Far as I know, ReadTheSpirit.com is the latest KWF launch. Its creator/director is David Crumm ’02, another unexpected proto-mogul who before last summer covered religion for the Detroit Free Press. It is a new kind of Web hub that connects readers with religious/spirituality media. The first of six books it will publish before the end of 2008 (about interfaith heroes) appears shortly.

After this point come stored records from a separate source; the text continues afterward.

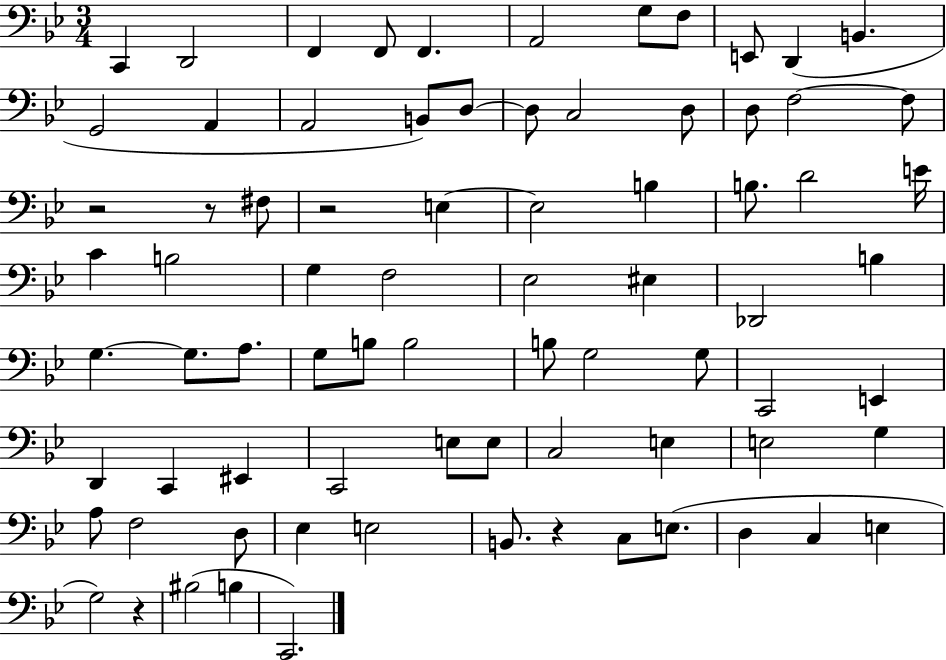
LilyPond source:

{
  \clef bass
  \numericTimeSignature
  \time 3/4
  \key bes \major
  c,4 d,2 | f,4 f,8 f,4. | a,2 g8 f8 | e,8 d,4( b,4. | \break g,2 a,4 | a,2 b,8) d8~~ | d8 c2 d8 | d8 f2~~ f8 | \break r2 r8 fis8 | r2 e4~~ | e2 b4 | b8. d'2 e'16 | \break c'4 b2 | g4 f2 | ees2 eis4 | des,2 b4 | \break g4.~~ g8. a8. | g8 b8 b2 | b8 g2 g8 | c,2 e,4 | \break d,4 c,4 eis,4 | c,2 e8 e8 | c2 e4 | e2 g4 | \break a8 f2 d8 | ees4 e2 | b,8. r4 c8 e8.( | d4 c4 e4 | \break g2) r4 | bis2( b4 | c,2.) | \bar "|."
}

Overall, Dan Gillmor ’87 is KWF’s most famous media innovator. Adding experience as tech critic for the San Jose Mercury News to a long newspaper career, Dan wrote the book “We the Media,” which changed the way a lot of people think about reporting. Recently, he became founding director of The Knight Center for Digital Media Entrepreneurship at The Walter Cronkite School of Journalism and Mass Communication at Arizona State University.
The class of ’08 is pawing at the future of all this. Ron Parsons from Yahoo! News led a survey of interesting local news experiments online. The research jibes with the study plan of Rochelle Riley of the Detroit Free Press: new journalism delivery systems. Several others have joined a freewheeling discussion. Will it become a start-up? You can’t walk out the door without tripping over an opportunity that’s been waiting for somebody to kick it to life…whether or not Zell, Tierney & Co. take my dare.